CAVER: Curious Audiovisual Exploring Robot
Luca Macesanu, Boueny Folefack, Samik Singh, Ruchira Ray, Ben Abbatematteo, Roberto Martín-Martín
TL;DR
The paper tackles the challenge of enabling robots to jointly learn visual appearance and sound properties of objects during interaction. It proposes CAVER, a robot that autonomously builds a growing KNN-based audiovisual representation using a novel 3D-printed impact tool and a curiosity-driven exploration policy that targets visually uncertain regions. The approach supports bi-directional retrieval for audio-to-visual and visual-to-audio tasks and enables downstream capabilities such as audio prediction, material classification, and audio-based imitation without large external datasets.

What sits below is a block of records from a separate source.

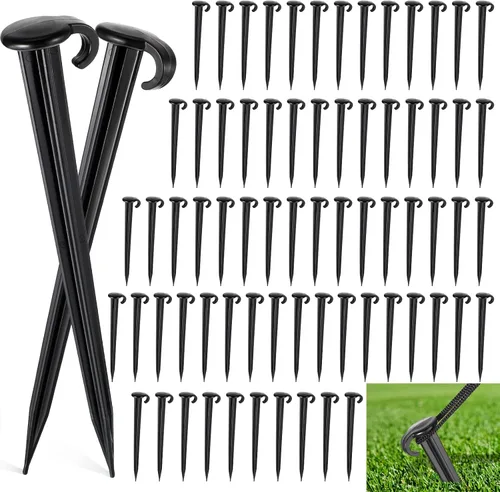 Vicenpal 100 estacas inflables de plástico de 7 pulgadas para jardín, estacas de jardín de plástico resistente para tienda de campaña, repuesto para
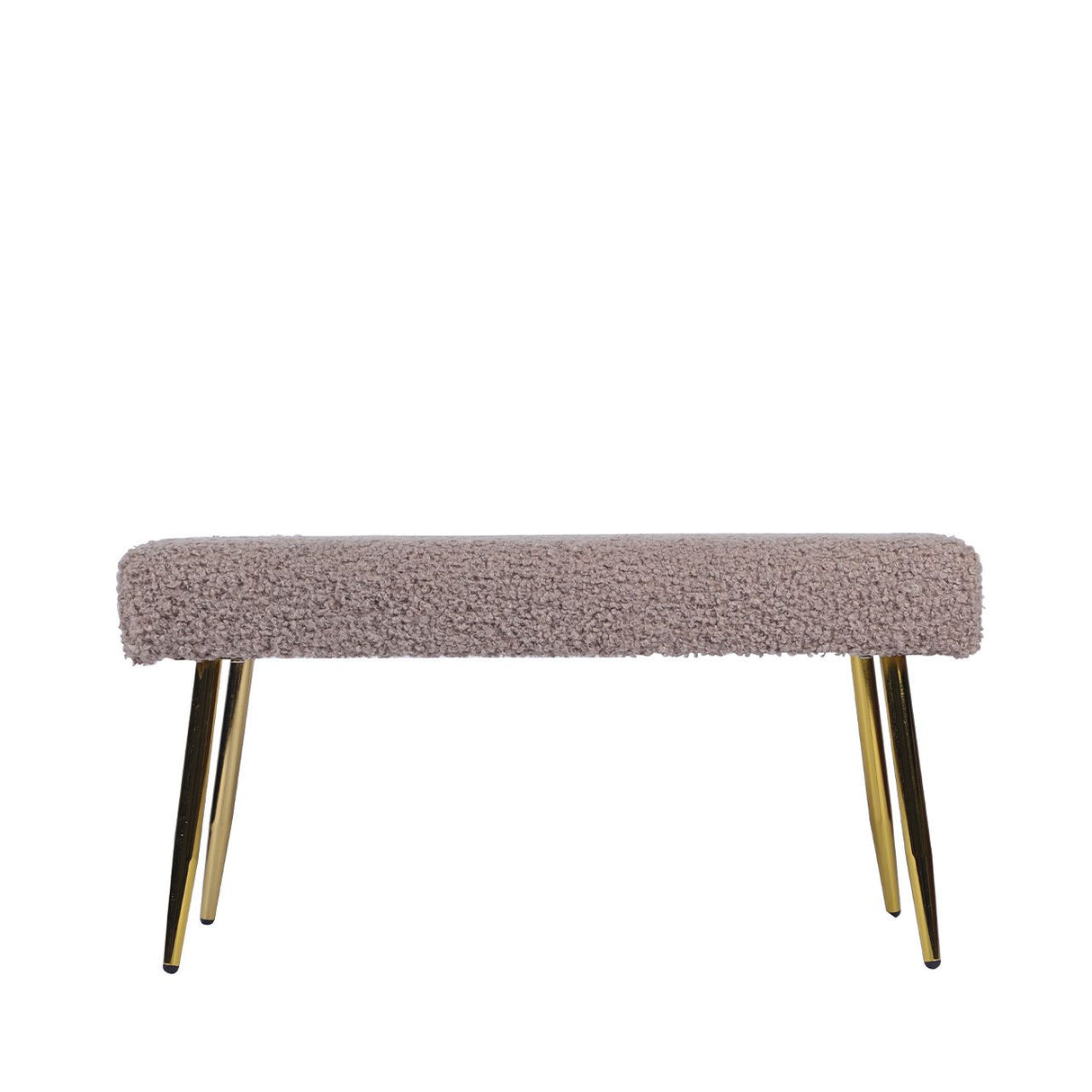 Beige Boucle Bench With Gold Legs - Kd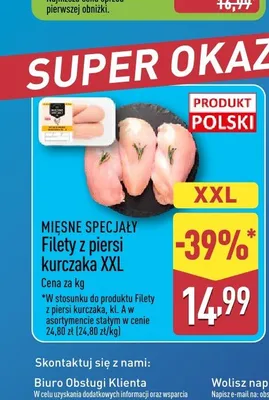 Filety z piersi kurczaka XXL Mięsne Specjały promocja w Aldi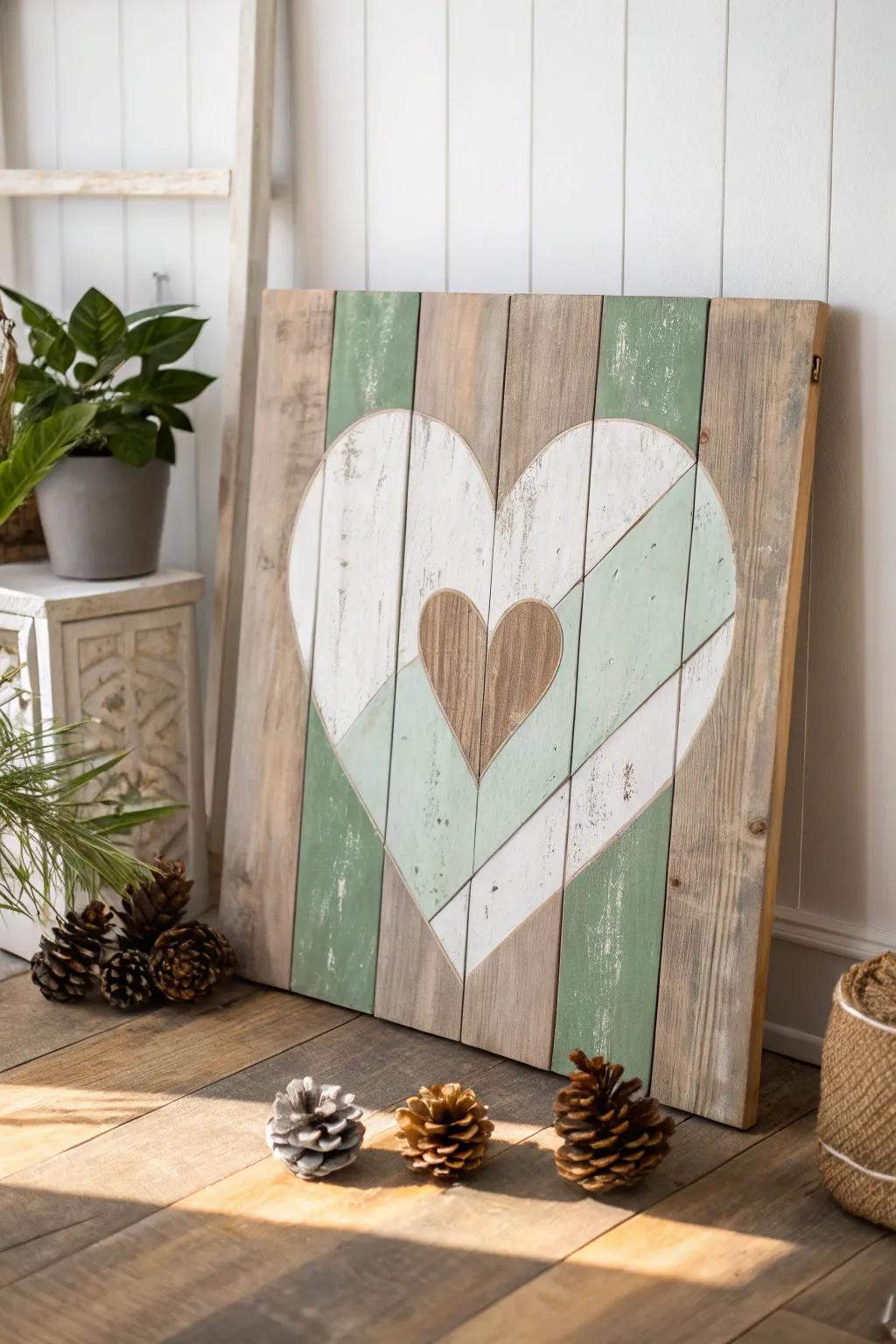 Celebrate the allure of vintage sophistication with this handmade timbered heart canvas.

Empirical results across multiple household environments show faster audio-property learning, strong material classification (up to 87%), notable musical imitation (66%), and competitive sound-based manipulation inference, highlighting the practical potential of curiosity-guided audiovisual learning for robust robot perception and manipulation.
Abstract
Multimodal audiovisual perception can enable new avenues for robotic manipulation, from better material classification to the imitation of demonstrations for which only audio signals are available (e.g., playing a tune by ear). However, to unlock such multimodal potential, robots need to learn the correlations between an object's visual appearance and the sound it generates when they interact with it. Such an active sensorimotor experience requires new interaction capabilities, representations, and exploration methods to guide the robot in efficiently building increasingly rich audiovisual knowledge. In this work, we present CAVER, a novel robot that builds and utilizes rich audiovisual representations of objects. CAVER includes three novel contributions: 1) a novel 3D printed end-effector, attachable to parallel grippers, that excites objects' audio responses, 2) an audiovisual representation that combines local and global appearance information with sound features, and 3) an exploration algorithm that uses and builds the audiovisual representation in a curiosity-driven manner that prioritizes interacting with high uncertainty objects to obtain good coverage of surprising audio with fewer interactions. We demonstrate that CAVER builds rich representations in different scenarios more efficiently than several exploration baselines, and that the learned audiovisual representation leads to significant improvements in material classification and the imitation of audio-only human demonstrations. https://caver-bot.github.io/